Having reviewed Plaintiffs' amended complaint and memorandum in opposition, I agree with Blue Diamond that Plaintiffs have abandoned their breach-of-implied-contract claim. Plaintiffs have not provided anything beyond a cursory assertion that the sale of Blue Diamond's Smokehouse® almonds created an implied contract, and they have not provided any citations to legal authority to support their assertion. Moreover, Plaintiffs have not provided any response to Blue Diamond's argument that a claim based on the implied duty of good faith and fair dealing requires the existence of a contract, and no contract existed between the parties. Because Plaintiffs have not offered a substantive response to Blue Diamond's argument, which is well taken, I find that they have abandoned their breach-of-implied-contract claim. See Huskey v. Colgate-Palmolive Co., 486 F.Supp.3d 1339, 1349-50 (E.D. Mo. 2020) (dismissing breach-of-implied-contract claim because plaintiff failed to respond to the same argument raised in this case).

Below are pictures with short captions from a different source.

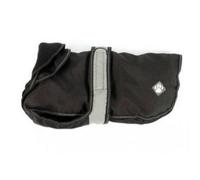 Danish Design 2 in 1 Ultimate Dog Coat Black - Grey/Black - 30cm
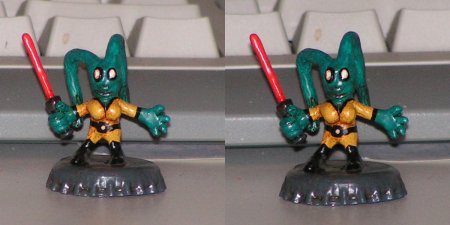 Mujer Twi’lek Jedi - Etapa 3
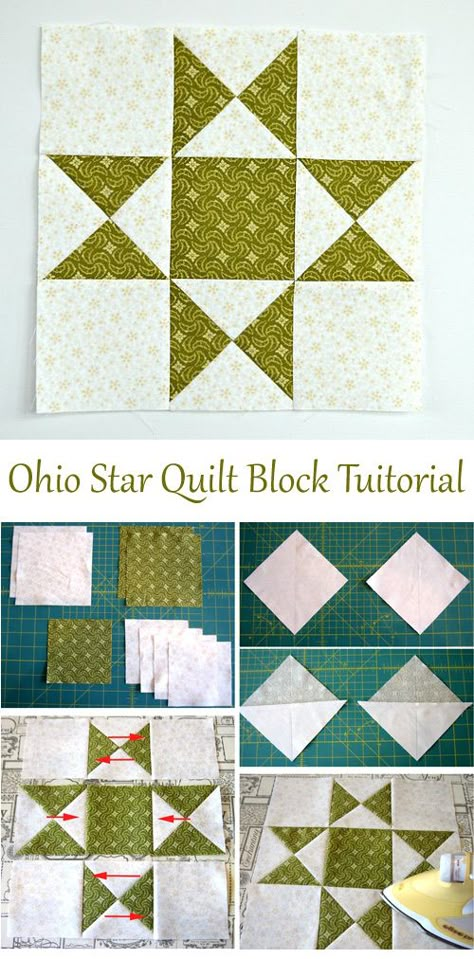 9 Patch Star Quilt Ideas Block Patterns, Star Patch Quilt Pattern, Morning Star Quilt Block Patterns, Missouri Star Quilt Block Pattern, Random Block Quilts, Large Star Block Quilt Patterns, Traditional Star Quilt Blocks, 12 1/2 Inch Star Quilt Block Patterns Free, 12 Inch Ohio Star Quilt Block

Blue Diamond's motion will therefore be granted as to Count II.

C. Unjust Enrichment Under Missouri Law (Count III)

In Count III, Plaintiffs allege that they conferred substantial benefits on Blue Diamond by purchasing its Smokehouse® almonds and that Blue Diamond accepted and enjoyed those benefits. (Doc. 32 at ¶¶ 112-13). Plaintiffs allege that Blue Diamond knew or should have known, however, that their payments were rendered with the expectation that its Smokehouse® almonds would be as represented. (Id. at ¶ 114). Plaintiffs allege that Blue Diamond wrongfully received profits from their payments through deliberate misrepresentations or omissions in connection with the advertising, promotion, and sale of its Smokehouse® almonds. (Id. at ¶ 115). Plaintiffs allege that it would be inequitable under the circumstances to allow Blue Diamond to retain the benefits of their payments. (Id. at ¶ 114).

Blue Diamond argues that Plaintiffs' unjust-enrichment claim should be dismissed for two reasons. First, Blue Diamond argues that Plaintiffs' unjust-enrichment claim should be dismissed because it is based on the same alleged misconduct as their MMPA claim and, under Missouri law, an unjust-enrichment claim that is derivative of other claims must be dismissed if the other claims fail. Second, Blue Diamond argues that Plaintiffs' unjust-enrichment claim should be dismissed because Plaintiffs have not adequately alleged that it unjustly retained any benefit from them because its Smokehouse® almonds were fit for human consumption and appear to have been consumed without incident.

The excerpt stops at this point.